I think she just sounds like a smart girl who wants to get to know a guy fast so she can see if theres any potential sooner rather then later. But if you're not as into being open and clingy as she is you 2 probably aren't compatible.


----------



## Noca (Jun 24, 2005)

if you've never had a relationship before, who cares, go for it


----------



## daaaaave (Jan 1, 2007)

We talked again for 45 minutes. She has backed off the personal questions and apologized actually even though she didn't have to. We had a conversation I was much more comfortable with today and she showed a lot more depth so I am more interested now. She is coming down here tomorrow.


----------



## IcedOver (Feb 26, 2007)

Just go meet her and if she's annoying don't go out with her again. I can imagine that it must be very grating to have a conversation/date be more like an interview or psychiatric session than something romantic.

Did you turn the questions around on her and ask her how many guys she's been with, if she's ever been in love, etc.? It's only fair. You can't let it just be one-sided. If you answer something really personal like that you have to ask her the same thing. If you allow her to completely control the conversation then you won't have any "hand" in the conversation (to borrow another "Seinfeld" phrase).

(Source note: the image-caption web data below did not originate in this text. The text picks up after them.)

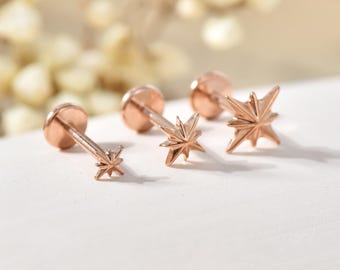 Rose Gold Titanium Starburst Threadless Push Pin Labret, Star Flat Back Stud, Helix Earring, Tragus, Cartilage Earring, Nose Stud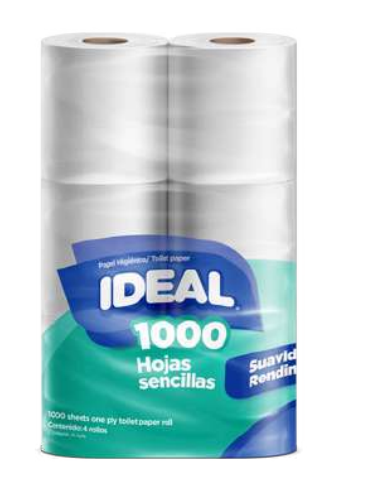 IDEAL PAPEL HIGIENICO 1000 HOJAS SENCILLAS 6ROLLO 8P/B 24B/T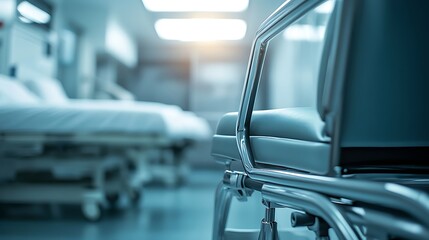 Fototapeta premium Close-up of a hospital chair with a blurred bed in the background.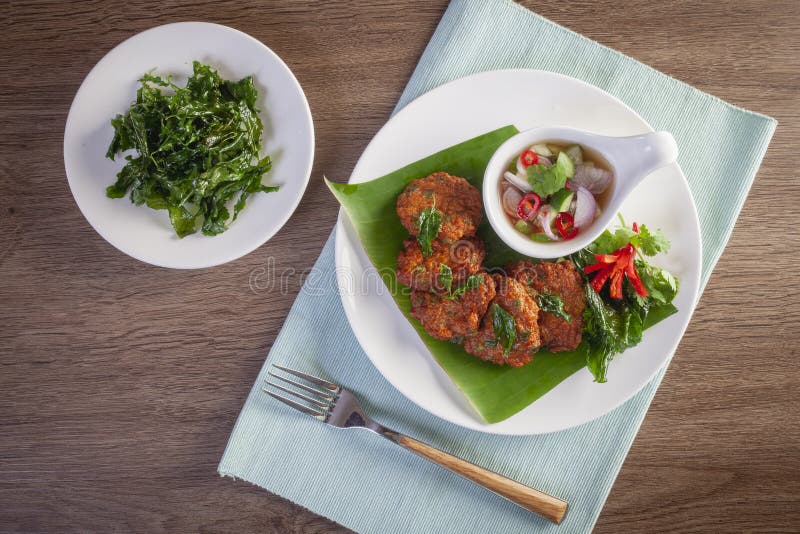 Thai Fish Cake Paste Chili Deep Fried with Herb and Crispy Thai Basil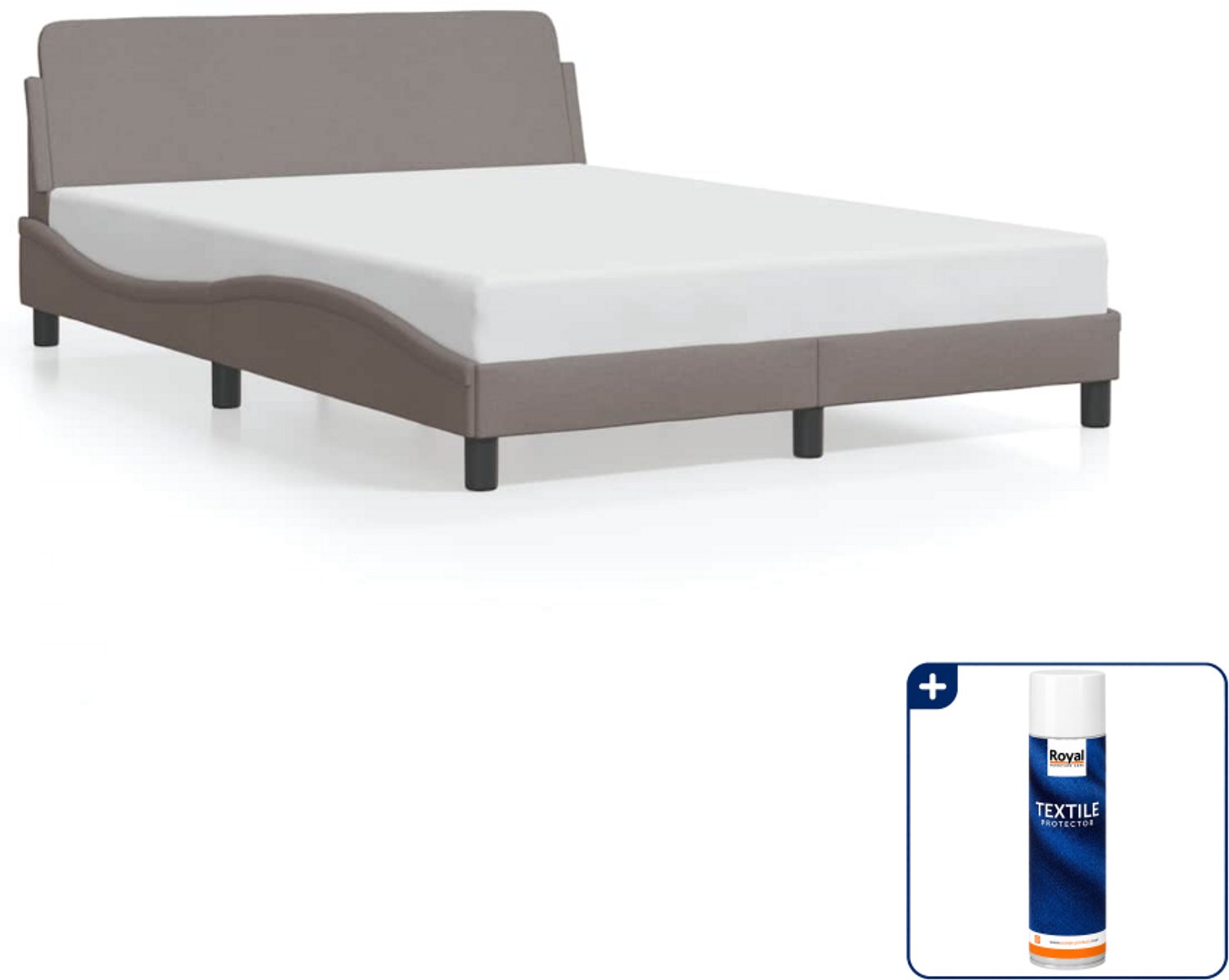vidaXL Dover bedframe - 140 x 190 cm - stof - taupe - Inclusief textielbeschermer 500 ml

I hope it goes well for you and let us know what happens when you meet.


----------



## daaaaave (Jan 1, 2007)

Yeah I asked her the same questions. The thing is she is very open and will answer anything. Also, despite the sexual questions she asked, she isn't a **** from her answers. She is extremely friendly and outgoing, but she says she understands I am not as open right now.


----------



## IcedOver (Feb 26, 2007)

It sounds like you're feeling more comfortable and that she might be a good person to date after all. Is she good looking or haven't you seen her photo? Good luck and be sure to give us desperate, dateless dudes details of how it went.


----------



## daaaaave (Jan 1, 2007)

Yes, I have seen many photos of her and she is very pretty.


----------



## mindfulgirl (May 7, 2007)

Good luck! Let us know how it goes.


----------



## Strength (Aug 12, 2006)

Daaave you're kicking butt online. It's like you meet a new girl every week! lol...it's good that you guys can talk so much, just have fun, I'm sure it will go well. At first I thought maybe she was kind of desperate for a date to ask you those kind of personal questions, but maybe that's just her personality. She seems nice...when you see her, maybe you want to smile and give her a big hug =)


----------



## whiteclouds (Mar 18, 2004)

Sometimes, women are in a big hurry to get married or start a committed relationship. These women tend to treat dates much like "interviews" for possible candidates.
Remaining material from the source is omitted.